Refreshingly Wild
Chichagof Island, part of the Tongass National Forest in southeastern Alaska, is home to 1,550 brown bears and 1,159 people. Brown bears officially outnumber residents of the villages of Elfin Cove, Hoonah, Pelican, and Tenakee Springs—the only communities on the nation's fifth-largest island. How many places in the United States does that happen?
Chichagof Island and adjacent islands have the highest concentration of brown bears in the Tongass, nearly two per square mile. According to a report by the state's Department of Fish and Game:
On both Federal and private lands there has been extensive long-term habitat alteration by commercial logging. Wilderness designations on Admiralty, south Baranof, and west Chichagof Islands, however, contain large areas that should continue to provide bears with pristine environments. Elsewhere in the unit, habitat alteration by logging will impact brown bear density and distribution. Carole Healy (ed.), Brown Bear Management Report, Alaska Department of Fish and Game, December 2003. |
Last month, I kayaked the waters of the West Chichagof-Yakobi Wilderness for eight days with my good friend Jay Nelson. We started paddling in Slocum Arm on the southern end of the 265,000-acre wilderness, and on the first day we spied a large brown bear feeding on a grassy beach in Waterfall Cove. A few days later we had the good fortune to see a sow and her two cubs. While we never saw any human footprints except our own, throughout the trip, at every camp we made and every cove where we stopped for lunch, we saw bear tracks and piles of scat on the gravel beaches or in the intertidal sedges, even on the small islands. We saw goose-tongue plants that had been grazed by these large omnivores, foraging a meal this time of year before the salmon have started their upriver runs to spawn.

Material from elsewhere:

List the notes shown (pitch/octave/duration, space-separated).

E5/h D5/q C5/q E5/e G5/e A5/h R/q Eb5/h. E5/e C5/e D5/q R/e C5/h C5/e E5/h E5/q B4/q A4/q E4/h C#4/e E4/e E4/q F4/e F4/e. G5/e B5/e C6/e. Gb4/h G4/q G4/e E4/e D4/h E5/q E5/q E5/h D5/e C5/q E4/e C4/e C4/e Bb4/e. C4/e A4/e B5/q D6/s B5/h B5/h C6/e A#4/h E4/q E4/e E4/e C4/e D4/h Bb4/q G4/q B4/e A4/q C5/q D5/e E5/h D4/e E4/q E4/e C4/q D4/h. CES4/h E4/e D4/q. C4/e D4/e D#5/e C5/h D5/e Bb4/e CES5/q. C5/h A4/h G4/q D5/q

The brown bears were a treat, but we saw much more—all of it with boyish wonder in our eyes. Marine mammals abound in these waters, both the sheltered bays and the open ocean. Harbor seals poked their heads out of the water near our boats to check us out. Sea otters floated on their backs and we could hear cracking sounds as they broke open clams or mussels, sea urchins or abalones, to feast upon. One day we observed a couple of humpback whales making their way up Smooth and Ogden passages, feeding while we paddled a parallel course to the east past Elbow Passage. We watched a tail twice the size of our kayaks come out of the water and dip back in. We saw them burst straight from the surface after they had blown a virtual net of bubbles to trap schools of small fish, then splash back down in a roiling crash of whitewater, with the expanded pleats of their throats probably full of herring or smelt.

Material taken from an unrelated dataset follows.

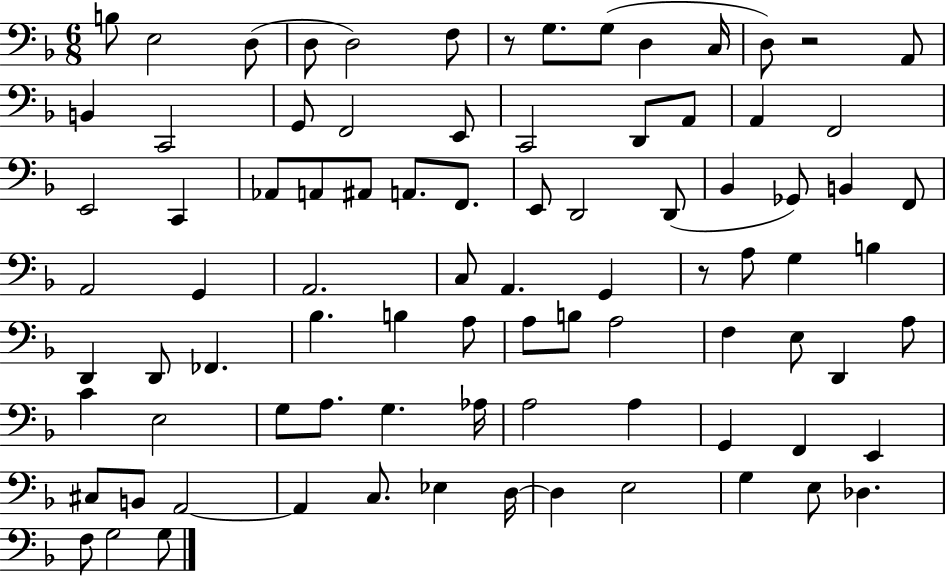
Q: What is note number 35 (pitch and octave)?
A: B2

We also marveled at Sitka black-tailed deer, mink, bald eagles, great blue herons, female rufous hummingbirds, varied thrushes and a beautiful Townsend's warbler that flitted in an alder bush one morning while we flipped pancakes.
If you haven't visited a designated wilderness this summer, don't let the season pass by without doing so. You don't need to go to Alaska. Visit wilderness.net and find a place nearby. Getting out, away from phones and computers, even for a few days, is worth it.

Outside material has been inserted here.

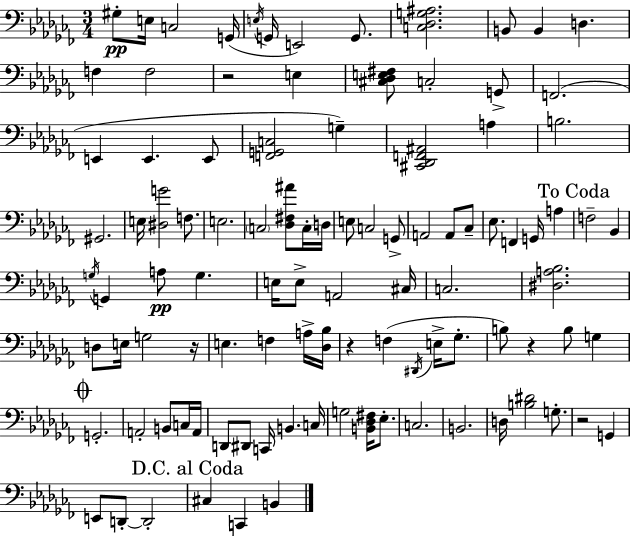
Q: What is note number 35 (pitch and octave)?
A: A2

It did Jay and me a world of good to be in the West Chichagof-Yakobi Islands Wilderness, which has been permanently protected since 1980 when Congress passed and President Jimmy Carter signed the Alaska National Interest Lands Conservation Act. It'll be there as prime habitat for the next generation of brown bears and as boating waters for the next generation of kayakers. It'll be there forever, just as it is. That's the beauty and essence of the original 1964 Wilderness Act and the National Wilderness Preservation System it established.